A few more quotations for good measure. This is from the Scottish Confession (1560), of which John Knox was one of the leading writers:

And thus we utterly damn the vanity of those that affirm sacraments to be nothing else but naked and bare signs. No, we assuredly believe that by baptism we are engrafted in Christ Jesus, to be made partakers of his justice, by the which our sins are covered and remitted; and also, that in the supper, rightly used, Christ Jesus is so joined with us, that he becomes the very nourishment and food of our souls. Not that we imagine any transubstantiation of bread into Christ’s natural body, and of wine in his natural blood (as the Papists have perniciously taught and damnably believed); but this union and conjunction which we have with the body and blood of Christ Jesus, in the right use of the sacraments, is wrought by operation of the Holy Ghost, who by true faith carries us above all things that are visible, carnal, and earthly, and makes us to feed upon the body and blood of Christ Jesus, which was once broken and shed for us, which now is in heaven, and appears in the presence of his Father for us. And yet, notwithstanding the far distance of place which is betwixt his body now glorified in the heaven, and us now mortal in this earth, yet we most assuredly believe that the bread that we break is the communion of Christ’s body, and the cup which we bless is the communion of his blood. So that we confess, and undoubtedly believe, that the faithful, in the right use of the Lord’s table, do so eat the body and drink the blood of the Lord Jesus, that he remains in them and they in him: yea, that they are so made flesh of his flesh, and bone of his bones, that as the Eternal Godhead has given to the flesh of Christ Jesus (which of its own condition and nature was mortal and corruptible) life and immortality, so does Christ Jesus’ flesh and blood eaten and drunken by us, give to us the same prerogatives. Which, albeit we confess are neither given unto us at that only time, neither yet by the proper power and virtue of the sacrament only; yet we affirm that the faithful, in the right use of the Lord’s table, have such conjunction with Christ Jesus, as the natural man cannot apprehend.

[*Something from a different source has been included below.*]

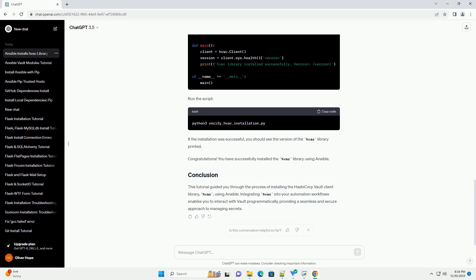Integrating HVAC into your automation workflows enables you to interact with Vault programmatically, providing a seamless and secure approach to managing secrets.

Yea, and further we affirm, that albeit the faithful, oppressed by negligence, and manly infirmity, do not profit so much as they would in the very instant action of the supper, yet shall it after bring fruit forth, as lively seed sown in good ground. For the Holy Spirit (which can never be divided from the right institution of the Lord Jesus) will not frustrate the faithful of the fruit of that mystical action; but all this, we say, comes by true faith, which apprehends Christ Jesus, who only makes this sacrament effectual unto us. And, therefore, whosoever slanders us, as that we affirm or believe sacraments to be only naked and bare signs, do injury unto us, and speak against the manifest truth.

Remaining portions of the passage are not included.